A Blog by Jonathan Low

 

Sep 2, 2022

Did Economically Frustrated College Grads From 2000-2010 Cause Current US Political Unrest?

Could current political dysfunction be the result of too many 'echo baby boom' college grads in the first decade of the 21st Century who became the cause of current political dysfunction?

Data suggest that Millennials and Gen Zers born into the middle class who then got college degrees in record numbers just in time for the Great Recession may be behind some of the current disruption from right and left in US politics. Good jobs for humanities and social science grads became scarce at that time. Revolutions traditionally occur during times of rising expectations which are thwarted. Demographics have been behind many of disruptive events in global history, from overpopulation in Viking lands in the 700 and 800s to the Tutsi and Hutu battles in Rwanda in the 1990s. As Pogo said, "we have met the enemy and he is us." JL 

Noah Smith reports in Noahopinion:

America produced a lot of highly educated people with great expectations for their place in American society, but that our economic and social system was unable to accommodate many of these expectations, causing them to turn to politics and other disruptive actions out of frustration and disappointment. there were jobs in the 2010s. But everything was a lot more competitive than in the decades before, even just to get a boring job in corporate America, you had to scrabble. And the intellectually rewarding or socially prestigious careers that humanities majors had prepared for were in especially short supply. Learn to code” is not (what) you want to be told right after graduating with a degree in art history.

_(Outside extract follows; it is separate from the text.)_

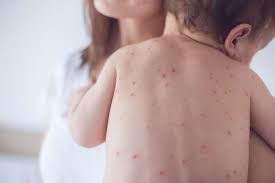 43 per cent increase in global measles deaths from 2021-2022: WHO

Here’s an eye-opening bit of data: The percent of U.S. college students majoring in the humanities has absolutely crashed since 2010.

Ben Schmidt has many more interesting data points in his Twitter thread. To me the most striking was that there are now almost as many people majoring in computer science as in all of the humanities put together:

When you look at the data, it becomes very apparent why the shift is happening. College kids increasingly want majors that will lead them directly to secure and/or high-paying jobs. That’s why STEM and medical fields — and to a lesser degree, blue-collar job-focused fields like hospitality — have been on the rise.

But looking back at that big bump of humanities majors in the 2000s and early 2010s (the raw numbers are here), and thinking about the social unrest America has experienced over the last 8 years, makes me think about Peter Turchin’s theory of elite overproduction. Basically, the idea here is that America produced a lot of highly educated people with great expectations for their place in American society, but that our economic and social system was unable to accommodate many of these expectations, causing them to turn to leftist politics and other disruptive actions out of frustration and disappointment. From the Wikipedia article on Turchin’s theory:

Elite overproduction has been cited as a root cause of political tension in the U.S., as so many well-educated Millennials are either unemployed, underemployed, or otherwise not achieving the high status they expect. Even then, the nation continued to produce excess PhD holders before the COVID-19 pandemic hit, especially in the humanities and social sciences, for which employment prospects were dim.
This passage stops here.